In dieser Zeit der Jugend, die von innerer Zerrissenheit geprägt war, suchte Kruspe Ventile für seine aufgestauten Emotionen. Bevor die Musik seine Bestimmung fand, war er im Ring erfolgreich. Er war ein lokal erfolgreicher Ringer bei der BSG Lok Wittenberge. Diese Sportart, die körperliche Disziplin und einen direkten Kampf um Dominanz erforderte, mag einen frühen Ausdruck seines späteren Perfektionismus und seiner zielstrebigen Haltung im künstlerischen Bereich dargestellt haben. Seine formelle Ausbildung führte ihn zunächst in einen ganz anderen Bereich: Er absolvierte eine Lehre als Koch. Doch der Wendepunkt kam, als er in Hagenow die Chance auf eine Lehrstelle ergriff. Abseits des städtischen Lebens nutzte er die Abgeschiedenheit, um sich zweieinhalb Jahre lang intensiv dem Gitarrenspiel zu widmen. Die Musik wurde zu seiner primären Ausdrucksform und ersetzte allmählich das Bedürfnis nach dem direkten, physischen Kampf durch einen kreativen, klanglichen.
In den Jahren vor der Wende und kurz danach sammelte Kruspe erste musikalische Erfahrungen in einer Vielzahl von Bands, die die dynamische und oft chaotische Szene Ost-Berlins prägten. Zu diesen frühen Formationen gehörten Projekte mit so illustren Namen wie Das elegante Chaos, Das Auge Gottes, Die Firma und Orgasm Death Gimmick, wo er als Gitarrist spielte. Diese Zeit des ständigen Experimentierens und des Austauschs mit anderen Musikern war eine wichtige Schule, die seine Fähigkeiten als Songwriter und Gitarrist schärfte, auch wenn sie ihm noch nicht die vollständige kreative Kontrolle oder die definitive musikalische Heimat bot. Die Erfahrung, Musik in der relativen Isolation der DDR zu machen, in der Ressourcen und westliche Einflüsse begrenzt waren, förderte einen erfinderischen und unkonventionellen Ansatz, der später sowohl Rammstein als auch Emigrate charakterisieren sollte.

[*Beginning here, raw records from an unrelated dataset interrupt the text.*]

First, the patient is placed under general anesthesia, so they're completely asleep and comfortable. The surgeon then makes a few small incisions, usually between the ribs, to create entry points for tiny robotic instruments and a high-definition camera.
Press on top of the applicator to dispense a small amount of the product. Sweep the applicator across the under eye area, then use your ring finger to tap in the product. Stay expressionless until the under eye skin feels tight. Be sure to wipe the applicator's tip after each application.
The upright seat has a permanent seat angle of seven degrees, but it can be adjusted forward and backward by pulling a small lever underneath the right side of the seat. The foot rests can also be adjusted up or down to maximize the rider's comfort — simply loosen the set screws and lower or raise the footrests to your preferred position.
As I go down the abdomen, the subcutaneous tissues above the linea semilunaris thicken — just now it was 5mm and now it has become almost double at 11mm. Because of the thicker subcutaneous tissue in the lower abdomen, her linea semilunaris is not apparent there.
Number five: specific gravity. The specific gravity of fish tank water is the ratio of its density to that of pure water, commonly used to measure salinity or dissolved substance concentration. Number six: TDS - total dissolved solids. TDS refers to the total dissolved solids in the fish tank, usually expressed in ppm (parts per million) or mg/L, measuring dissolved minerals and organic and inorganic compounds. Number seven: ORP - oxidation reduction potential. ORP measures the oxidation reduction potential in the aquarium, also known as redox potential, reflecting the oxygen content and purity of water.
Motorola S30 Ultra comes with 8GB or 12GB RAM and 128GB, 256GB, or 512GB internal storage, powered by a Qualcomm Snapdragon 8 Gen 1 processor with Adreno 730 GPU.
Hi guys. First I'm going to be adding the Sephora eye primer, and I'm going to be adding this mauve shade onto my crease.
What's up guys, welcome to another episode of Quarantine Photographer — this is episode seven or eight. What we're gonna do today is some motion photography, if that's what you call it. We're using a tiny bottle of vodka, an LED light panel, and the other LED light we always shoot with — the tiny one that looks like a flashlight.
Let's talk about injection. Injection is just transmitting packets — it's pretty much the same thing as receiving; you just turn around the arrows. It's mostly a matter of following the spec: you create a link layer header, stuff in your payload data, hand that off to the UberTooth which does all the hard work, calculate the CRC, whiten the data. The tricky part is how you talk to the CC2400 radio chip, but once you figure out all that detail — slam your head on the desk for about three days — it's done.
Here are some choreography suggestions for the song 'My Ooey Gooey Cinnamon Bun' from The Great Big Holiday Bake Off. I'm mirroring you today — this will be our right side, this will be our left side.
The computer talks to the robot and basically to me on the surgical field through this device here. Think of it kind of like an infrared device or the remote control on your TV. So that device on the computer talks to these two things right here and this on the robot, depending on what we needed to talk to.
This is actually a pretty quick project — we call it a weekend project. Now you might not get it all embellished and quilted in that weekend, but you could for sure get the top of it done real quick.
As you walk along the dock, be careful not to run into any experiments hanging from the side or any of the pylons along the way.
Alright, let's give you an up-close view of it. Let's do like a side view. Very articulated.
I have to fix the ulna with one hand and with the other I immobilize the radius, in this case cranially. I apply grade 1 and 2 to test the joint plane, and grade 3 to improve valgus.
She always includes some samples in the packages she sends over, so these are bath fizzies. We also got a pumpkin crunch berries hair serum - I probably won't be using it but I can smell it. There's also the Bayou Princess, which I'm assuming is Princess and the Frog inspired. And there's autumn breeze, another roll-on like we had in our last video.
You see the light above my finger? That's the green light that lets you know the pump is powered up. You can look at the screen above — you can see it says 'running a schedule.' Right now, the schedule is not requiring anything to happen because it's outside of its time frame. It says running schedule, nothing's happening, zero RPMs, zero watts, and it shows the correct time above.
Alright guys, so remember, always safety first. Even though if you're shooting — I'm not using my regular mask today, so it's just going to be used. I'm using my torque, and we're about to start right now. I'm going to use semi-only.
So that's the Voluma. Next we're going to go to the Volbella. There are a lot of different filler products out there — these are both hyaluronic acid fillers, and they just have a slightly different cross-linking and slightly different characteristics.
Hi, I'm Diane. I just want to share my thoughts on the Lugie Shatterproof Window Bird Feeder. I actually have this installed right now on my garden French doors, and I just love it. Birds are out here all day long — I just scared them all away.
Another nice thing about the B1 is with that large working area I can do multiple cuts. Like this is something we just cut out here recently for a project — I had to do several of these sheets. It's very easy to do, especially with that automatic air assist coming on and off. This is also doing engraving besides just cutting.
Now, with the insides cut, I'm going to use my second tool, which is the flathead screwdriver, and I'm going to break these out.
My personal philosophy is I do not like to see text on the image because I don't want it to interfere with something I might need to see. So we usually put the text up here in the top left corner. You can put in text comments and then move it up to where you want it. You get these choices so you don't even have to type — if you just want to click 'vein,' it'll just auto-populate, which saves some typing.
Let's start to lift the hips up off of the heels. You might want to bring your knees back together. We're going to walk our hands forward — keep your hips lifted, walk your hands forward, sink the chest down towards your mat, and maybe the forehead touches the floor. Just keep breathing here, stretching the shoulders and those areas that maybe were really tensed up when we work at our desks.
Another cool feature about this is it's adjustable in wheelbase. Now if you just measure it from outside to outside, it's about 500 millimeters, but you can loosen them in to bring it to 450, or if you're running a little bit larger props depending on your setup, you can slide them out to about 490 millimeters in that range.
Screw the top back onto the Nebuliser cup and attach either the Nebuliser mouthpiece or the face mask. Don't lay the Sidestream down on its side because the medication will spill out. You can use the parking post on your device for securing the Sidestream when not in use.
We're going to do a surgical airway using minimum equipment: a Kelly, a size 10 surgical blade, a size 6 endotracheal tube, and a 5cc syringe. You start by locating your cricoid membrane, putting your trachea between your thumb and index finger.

Die Rammstein-Ära und die Geburt einer Nebenexistenz
Der entscheidende Meilenstein in Kruspes Karriere war die Gründung von Rammstein. Als Hauptinitiator der Band im Jahr 1994, oft nach einem erfolgreichen Wettbewerb des Berliner Senats, legte er den Grundstein für eine der international erfolgreichsten deutschen Bands aller Zeiten. Doch schon während des Aufstiegs von Rammstein, der von einer intensiven, kollektiven Arbeitsweise geprägt war, manifestierte sich in Richard Kruspe der Wunsch nach einem eigenen kreativen Ventil. Er selbst beschrieb Rammstein zeitweise nur als ein Projekt und musste sich der internen, oft angespannten Konkurrenz stellen, insbesondere während der Aufnahmen zum dritten Rammstein-Album *Mutter* (2001).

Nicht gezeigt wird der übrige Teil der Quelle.